Cliff Vaughn offers a list of 10 “funny” Bible passages. I’m not sure Vaughn’s list is really 10-for-10, or even 5-for-10, but this bit with Peter and Rhoda in the book of Acts probably qualifies:
When he knocked at the outer gate, a maid named Rhoda came to answer. On recognizing Peter’s voice, she was so overjoyed that, instead of opening the gate, she ran in and announced that Peter was standing at the gate. They said to her, ‘You are out of your mind!’ But she insisted that it was so. … Meanwhile, Peter continued knocking. …
The Sermon on the Mount includes an unpleasant corollary to the Golden Rule: “With the judgement you make you will be judged, and the measure you give will be the measure you get.”
At Box Turtle Bulletin, Jim Burroway artfully applies this principle to Kirk Cameron and Pat Robertson, illustrating why the people they’re insulting don’t regard their cheerful sincerity as a reason to ignore the insult.
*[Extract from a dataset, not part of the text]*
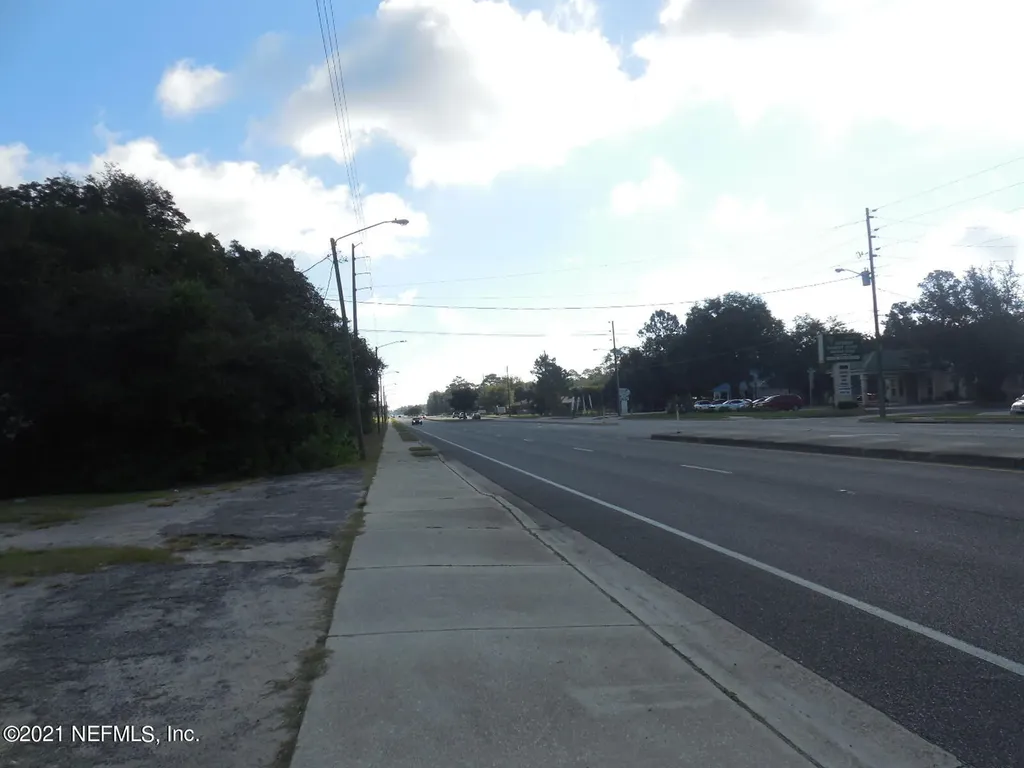 6120 Crill Avenue Palatka FL 32177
Sierra at No Longer Qivering offers a short Bible study on Malachi 2:15-16 — the “God hates divorce” passage often used in patriarchal religion to cudgel women in abusive marriages:
How did a verse that so obviously tells men to be kind to their wives and not to leave them destitute become a verse that tells women they have no right to leave an abusive marriage? … God hates divorce, indeed, but not because it ends a marriage. He hates it because it hurts women.
Chaplain Mike and Matthew Paul Turner both look in horror on John Piper’s response to the deadly tornadoes that struck earlier this month, which Piper called the “Fingers of God.” Piper illustrates the monstrous consistency of Calvinist theodicy, writing:
God alone has the last say in where and how the wind blows. If a tornado twists at 175 miles an hour and stays on the ground like a massive lawnmower for 50 miles, God gave the command.
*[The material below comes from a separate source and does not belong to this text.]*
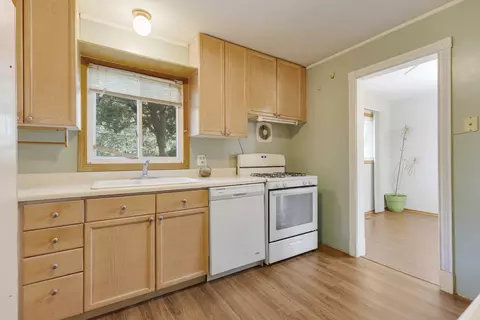 Kitchen - 65 Des Plaines Ln, Hoffman Estates, IL 60169 photo 3 of 3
Chaplain Mike is rightly appalled. “The best response to any event in life, but especially tragic events,” he writes, “is love not words.”
Fortunately, congregations in Henryville and in Coshocton County agree with Chaplain Mike, not with Piper.
David Barton regards Jesus with the same level of honesty, respect and reverence that he shows for the Founding Fathers — which is to say that he twists Jesus’ words, takes them out of context, and pretends they mean their opposite. Kyle Mantyla reports on Barton’s claim that Jesus said employers don’t have to worry about being “fair” to workers:
David Barton uses the Bible, in particular Matthew 20:1-16, to promote an ultra-right-wing economic view by claiming that Jesus opposed the minimum wage and any sort of employment discrimination laws.
… Barton takes a parable about the Kingdom of Heaven and transforms it into a Biblical justification for laissez-faire capitalism, anti-unionism, and employment discrimination and does so by attributing to Jesus words that Jesus himself put in the mouth of an unnamed landowner in order to demonstrate God’s generosity.
When Barton cites Matthew 20, it is not some parable about God’s love, but rather a lesson in right-wing economics in which Jesus himself hires workers for his vineyard and tells those who complain about wage discrimination that they can take a hike if they don’t like it because employers have no obligation to be fair to their workers.
Barton’s take-away from this parable is “Whatever is fair has nothing to do with it. That’s not their responsibility to be fair.”
The landowner in the parable exceeds the demands of fairness. He goes beyond “fair” to magnanimously give some people more than they deserve.
Barton reads it backwards, as though the landowner were failing the demands of fairness, giving some people less than they deserve.
Stinginess offends justice. Magnanimity does not. Barton reverses that.